Supplied data:
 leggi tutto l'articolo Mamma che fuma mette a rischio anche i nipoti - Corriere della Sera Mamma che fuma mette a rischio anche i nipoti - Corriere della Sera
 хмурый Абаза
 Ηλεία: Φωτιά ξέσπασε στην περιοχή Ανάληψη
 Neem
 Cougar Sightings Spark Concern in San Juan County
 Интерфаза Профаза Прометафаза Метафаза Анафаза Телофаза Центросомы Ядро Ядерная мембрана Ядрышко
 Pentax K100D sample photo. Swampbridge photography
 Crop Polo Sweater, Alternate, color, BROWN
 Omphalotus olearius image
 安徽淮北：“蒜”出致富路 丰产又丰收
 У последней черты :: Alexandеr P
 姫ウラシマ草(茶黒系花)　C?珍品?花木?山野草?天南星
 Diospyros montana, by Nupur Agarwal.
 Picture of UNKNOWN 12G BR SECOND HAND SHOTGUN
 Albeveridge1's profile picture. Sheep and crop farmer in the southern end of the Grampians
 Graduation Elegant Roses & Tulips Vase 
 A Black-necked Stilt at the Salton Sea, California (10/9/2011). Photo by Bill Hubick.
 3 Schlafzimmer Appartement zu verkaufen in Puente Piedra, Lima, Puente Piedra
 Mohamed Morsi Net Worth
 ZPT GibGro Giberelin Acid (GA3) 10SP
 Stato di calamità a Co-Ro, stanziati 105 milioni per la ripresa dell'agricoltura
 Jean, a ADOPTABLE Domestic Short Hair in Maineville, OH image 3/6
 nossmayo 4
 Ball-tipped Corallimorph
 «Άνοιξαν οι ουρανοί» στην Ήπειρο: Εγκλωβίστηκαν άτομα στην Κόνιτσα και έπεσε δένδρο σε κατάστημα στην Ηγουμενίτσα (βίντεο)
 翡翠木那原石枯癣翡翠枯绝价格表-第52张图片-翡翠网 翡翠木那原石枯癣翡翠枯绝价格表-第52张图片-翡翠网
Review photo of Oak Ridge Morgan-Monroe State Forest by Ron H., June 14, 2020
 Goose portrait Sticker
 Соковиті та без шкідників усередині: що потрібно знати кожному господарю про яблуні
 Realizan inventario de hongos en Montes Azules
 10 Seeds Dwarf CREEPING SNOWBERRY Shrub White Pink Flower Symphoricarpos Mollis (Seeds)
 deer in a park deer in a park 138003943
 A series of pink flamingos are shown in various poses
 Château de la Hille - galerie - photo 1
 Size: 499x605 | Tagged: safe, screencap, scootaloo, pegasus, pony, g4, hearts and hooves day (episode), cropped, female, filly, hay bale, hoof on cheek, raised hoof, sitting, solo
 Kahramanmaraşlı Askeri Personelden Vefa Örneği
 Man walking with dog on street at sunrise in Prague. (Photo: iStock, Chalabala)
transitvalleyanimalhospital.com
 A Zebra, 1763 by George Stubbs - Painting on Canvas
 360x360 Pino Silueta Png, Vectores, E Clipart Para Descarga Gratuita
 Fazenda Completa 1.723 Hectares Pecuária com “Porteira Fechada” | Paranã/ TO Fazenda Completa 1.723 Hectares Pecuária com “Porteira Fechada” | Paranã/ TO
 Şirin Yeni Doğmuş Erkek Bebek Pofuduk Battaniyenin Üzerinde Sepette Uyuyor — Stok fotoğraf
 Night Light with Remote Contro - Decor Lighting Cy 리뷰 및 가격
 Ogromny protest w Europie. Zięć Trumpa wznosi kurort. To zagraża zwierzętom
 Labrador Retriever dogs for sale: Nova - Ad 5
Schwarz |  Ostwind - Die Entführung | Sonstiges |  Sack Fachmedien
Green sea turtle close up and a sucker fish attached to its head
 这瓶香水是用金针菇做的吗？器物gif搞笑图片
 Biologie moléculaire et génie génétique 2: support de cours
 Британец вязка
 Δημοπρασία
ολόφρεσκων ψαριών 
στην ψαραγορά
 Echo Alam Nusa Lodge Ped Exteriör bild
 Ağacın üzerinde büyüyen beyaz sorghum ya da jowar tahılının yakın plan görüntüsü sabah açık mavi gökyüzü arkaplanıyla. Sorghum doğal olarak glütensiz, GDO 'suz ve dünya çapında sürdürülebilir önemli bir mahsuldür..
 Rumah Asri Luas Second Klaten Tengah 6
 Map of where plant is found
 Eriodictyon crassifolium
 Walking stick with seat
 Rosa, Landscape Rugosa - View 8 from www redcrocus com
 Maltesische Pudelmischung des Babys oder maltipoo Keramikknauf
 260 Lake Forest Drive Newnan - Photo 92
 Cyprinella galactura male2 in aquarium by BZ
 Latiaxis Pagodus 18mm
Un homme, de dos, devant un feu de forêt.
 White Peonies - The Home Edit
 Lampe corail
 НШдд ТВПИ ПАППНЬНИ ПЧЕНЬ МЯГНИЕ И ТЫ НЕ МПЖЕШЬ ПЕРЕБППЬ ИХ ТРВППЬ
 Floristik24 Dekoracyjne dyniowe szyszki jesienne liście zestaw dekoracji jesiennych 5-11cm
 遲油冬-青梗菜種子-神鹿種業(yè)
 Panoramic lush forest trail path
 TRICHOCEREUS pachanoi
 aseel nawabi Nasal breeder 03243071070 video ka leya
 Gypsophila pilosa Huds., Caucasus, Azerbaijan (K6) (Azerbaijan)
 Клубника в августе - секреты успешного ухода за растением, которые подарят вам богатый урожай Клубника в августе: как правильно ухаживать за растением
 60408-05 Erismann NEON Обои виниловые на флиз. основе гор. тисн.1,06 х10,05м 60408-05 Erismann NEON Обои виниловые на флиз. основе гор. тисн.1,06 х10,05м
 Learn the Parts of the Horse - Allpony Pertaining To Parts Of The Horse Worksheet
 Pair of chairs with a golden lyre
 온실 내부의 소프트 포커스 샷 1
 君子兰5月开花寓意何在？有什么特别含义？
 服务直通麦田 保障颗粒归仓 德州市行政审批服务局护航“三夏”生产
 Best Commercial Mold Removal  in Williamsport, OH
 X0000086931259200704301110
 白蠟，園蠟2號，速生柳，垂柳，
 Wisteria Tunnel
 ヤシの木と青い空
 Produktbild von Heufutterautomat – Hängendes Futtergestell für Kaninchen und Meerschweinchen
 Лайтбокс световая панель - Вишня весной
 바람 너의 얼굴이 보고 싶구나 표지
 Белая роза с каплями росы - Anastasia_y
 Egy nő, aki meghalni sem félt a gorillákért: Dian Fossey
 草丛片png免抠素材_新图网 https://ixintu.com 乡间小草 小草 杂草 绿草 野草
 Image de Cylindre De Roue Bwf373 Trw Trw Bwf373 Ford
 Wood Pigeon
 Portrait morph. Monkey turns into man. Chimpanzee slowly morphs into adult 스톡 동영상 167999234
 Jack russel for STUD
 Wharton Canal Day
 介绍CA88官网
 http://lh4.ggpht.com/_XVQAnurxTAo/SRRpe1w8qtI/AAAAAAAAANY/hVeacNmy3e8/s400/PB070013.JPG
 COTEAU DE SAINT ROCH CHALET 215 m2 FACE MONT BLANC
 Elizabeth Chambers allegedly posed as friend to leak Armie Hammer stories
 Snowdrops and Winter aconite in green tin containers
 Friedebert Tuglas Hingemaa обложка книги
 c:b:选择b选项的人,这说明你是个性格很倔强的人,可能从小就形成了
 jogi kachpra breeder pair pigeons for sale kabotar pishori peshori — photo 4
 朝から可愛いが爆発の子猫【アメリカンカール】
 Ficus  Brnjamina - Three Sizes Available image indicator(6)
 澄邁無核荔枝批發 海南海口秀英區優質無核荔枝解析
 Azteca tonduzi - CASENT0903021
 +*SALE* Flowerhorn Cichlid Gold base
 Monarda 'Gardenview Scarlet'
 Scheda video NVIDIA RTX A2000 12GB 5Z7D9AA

Task brief:
Word for word, copy the material above.

Response to this task:
 leggi tutto l'articolo Mamma che fuma mette a rischio anche i nipoti - Corriere della Sera Mamma che fuma mette a rischio anche i nipoti - Corriere della Sera
 хмурый Абаза
 Ηλεία: Φωτιά ξέσπασε στην περιοχή Ανάληψη
 Neem
 Cougar Sightings Spark Concern in San Juan County
 Интерфаза Профаза Прометафаза Метафаза Анафаза Телофаза Центросомы Ядро Ядерная мембрана Ядрышко
 Pentax K100D sample photo. Swampbridge photography
 Crop Polo Sweater, Alternate, color, BROWN
 Omphalotus olearius image
 安徽淮北：“蒜”出致富路 丰产又丰收
 У последней черты :: Alexandеr P
 姫ウラシマ草(茶黒系花)　C?珍品?花木?山野草?天南星
 Diospyros montana, by Nupur Agarwal.
 Picture of UNKNOWN 12G BR SECOND HAND SHOTGUN
 Albeveridge1's profile picture. Sheep and crop farmer in the southern end of the Grampians
 Graduation Elegant Roses & Tulips Vase 
 A Black-necked Stilt at the Salton Sea, California (10/9/2011). Photo by Bill Hubick.
 3 Schlafzimmer Appartement zu verkaufen in Puente Piedra, Lima, Puente Piedra
 Mohamed Morsi Net Worth
 ZPT GibGro Giberelin Acid (GA3) 10SP
 Stato di calamità a Co-Ro, stanziati 105 milioni per la ripresa dell'agricoltura
 Jean, a ADOPTABLE Domestic Short Hair in Maineville, OH image 3/6
 nossmayo 4
 Ball-tipped Corallimorph
 «Άνοιξαν οι ουρανοί» στην Ήπειρο: Εγκλωβίστηκαν άτομα στην Κόνιτσα και έπεσε δένδρο σε κατάστημα στην Ηγουμενίτσα (βίντεο)
 翡翠木那原石枯癣翡翠枯绝价格表-第52张图片-翡翠网 翡翠木那原石枯癣翡翠枯绝价格表-第52张图片-翡翠网
Review photo of Oak Ridge Morgan-Monroe State Forest by Ron H., June 14, 2020
 Goose portrait Sticker
 Соковиті та без шкідників усередині: що потрібно знати кожному господарю про яблуні
 Realizan inventario de hongos en Montes Azules
 10 Seeds Dwarf CREEPING SNOWBERRY Shrub White Pink Flower Symphoricarpos Mollis (Seeds)
 deer in a park deer in a park 138003943
 A series of pink flamingos are shown in various poses
 Château de la Hille - galerie - photo 1
 Size: 499x605 | Tagged: safe, screencap, scootaloo, pegasus, pony, g4, hearts and hooves day (episode), cropped, female, filly, hay bale, hoof on cheek, raised hoof, sitting, solo
 Kahramanmaraşlı Askeri Personelden Vefa Örneği
 Man walking with dog on street at sunrise in Prague. (Photo: iStock, Chalabala)
transitvalleyanimalhospital.com
 A Zebra, 1763 by George Stubbs - Painting on Canvas
 360x360 Pino Silueta Png, Vectores, E Clipart Para Descarga Gratuita
 Fazenda Completa 1.723 Hectares Pecuária com “Porteira Fechada” | Paranã/ TO Fazenda Completa 1.723 Hectares Pecuária com “Porteira Fechada” | Paranã/ TO
 Şirin Yeni Doğmuş Erkek Bebek Pofuduk Battaniyenin Üzerinde Sepette Uyuyor — Stok fotoğraf
 Night Light with Remote Contro - Decor Lighting Cy 리뷰 및 가격
 Ogromny protest w Europie. Zięć Trumpa wznosi kurort. To zagraża zwierzętom
 Labrador Retriever dogs for sale: Nova - Ad 5
Schwarz |  Ostwind - Die Entführung | Sonstiges |  Sack Fachmedien
Green sea turtle close up and a sucker fish attached to its head
 这瓶香水是用金针菇做的吗？器物gif搞笑图片
 Biologie moléculaire et génie génétique 2: support de cours
 Британец вязка
 Δημοπρασία
ολόφρεσκων ψαριών 
στην ψαραγορά
 Echo Alam Nusa Lodge Ped Exteriör bild
 Ağacın üzerinde büyüyen beyaz sorghum ya da jowar tahılının yakın plan görüntüsü sabah açık mavi gökyüzü arkaplanıyla. Sorghum doğal olarak glütensiz, GDO 'suz ve dünya çapında sürdürülebilir önemli bir mahsuldür..
 Rumah Asri Luas Second Klaten Tengah 6
 Map of where plant is found
 Eriodictyon crassifolium
 Walking stick with seat
 Rosa, Landscape Rugosa - View 8 from www redcrocus com
 Maltesische Pudelmischung des Babys oder maltipoo Keramikknauf
 260 Lake Forest Drive Newnan - Photo 92
 Cyprinella galactura male2 in aquarium by BZ
 Latiaxis Pagodus 18mm
Un homme, de dos, devant un feu de forêt.
 White Peonies - The Home Edit
 Lampe corail
 НШдд ТВПИ ПАППНЬНИ ПЧЕНЬ МЯГНИЕ И ТЫ НЕ МПЖЕШЬ ПЕРЕБППЬ ИХ ТРВППЬ
 Floristik24 Dekoracyjne dyniowe szyszki jesienne liście zestaw dekoracji jesiennych 5-11cm
 遲油冬-青梗菜種子-神鹿種業(yè)
 Panoramic lush forest trail path
 TRICHOCEREUS pachanoi
 aseel nawabi Nasal breeder 03243071070 video ka leya
 Gypsophila pilosa Huds., Caucasus, Azerbaijan (K6) (Azerbaijan)
 Клубника в августе - секреты успешного ухода за растением, которые подарят вам богатый урожай Клубника в августе: как правильно ухаживать за растением
 60408-05 Erismann NEON Обои виниловые на флиз. основе гор. тисн.1,06 х10,05м 60408-05 Erismann NEON Обои виниловые на флиз. основе гор. тисн.1,06 х10,05м
 Learn the Parts of the Horse - Allpony Pertaining To Parts Of The Horse Worksheet
 Pair of chairs with a golden lyre
 온실 내부의 소프트 포커스 샷 1
 君子兰5月开花寓意何在？有什么特别含义？
 服务直通麦田 保障颗粒归仓 德州市行政审批服务局护航“三夏”生产
 Best Commercial Mold Removal  in Williamsport, OH
 X0000086931259200704301110
 白蠟，園蠟2號，速生柳，垂柳，
 Wisteria Tunnel
 ヤシの木と青い空
 Produktbild von Heufutterautomat – Hängendes Futtergestell für Kaninchen und Meerschweinchen
 Лайтбокс световая панель - Вишня весной
 바람 너의 얼굴이 보고 싶구나 표지
 Белая роза с каплями росы - Anastasia_y
 Egy nő, aki meghalni sem félt a gorillákért: Dian Fossey
 草丛片png免抠素材_新图网 https://ixintu.com 乡间小草 小草 杂草 绿草 野草
 Image de Cylindre De Roue Bwf373 Trw Trw Bwf373 Ford
 Wood Pigeon
 Portrait morph. Monkey turns into man. Chimpanzee slowly morphs into adult 스톡 동영상 167999234
 Jack russel for STUD
 Wharton Canal Day
 介绍CA88官网
 http://lh4.ggpht.com/_XVQAnurxTAo/SRRpe1w8qtI/AAAAAAAAANY/hVeacNmy3e8/s400/PB070013.JPG
 COTEAU DE SAINT ROCH CHALET 215 m2 FACE MONT BLANC
 Elizabeth Chambers allegedly posed as friend to leak Armie Hammer stories
 Snowdrops and Winter aconite in green tin containers
 Friedebert Tuglas Hingemaa обложка книги
 c:b:选择b选项的人,这说明你是个性格很倔强的人,可能从小就形成了
 jogi kachpra breeder pair pigeons for sale kabotar pishori peshori — photo 4
 朝から可愛いが爆発の子猫【アメリカンカール】
 Ficus  Brnjamina - Three Sizes Available image indicator(6)
 澄邁無核荔枝批發 海南海口秀英區優質無核荔枝解析
 Azteca tonduzi - CASENT0903021
 +*SALE* Flowerhorn Cichlid Gold base
 Monarda 'Gardenview Scarlet'
 Scheda video NVIDIA RTX A2000 12GB 5Z7D9AA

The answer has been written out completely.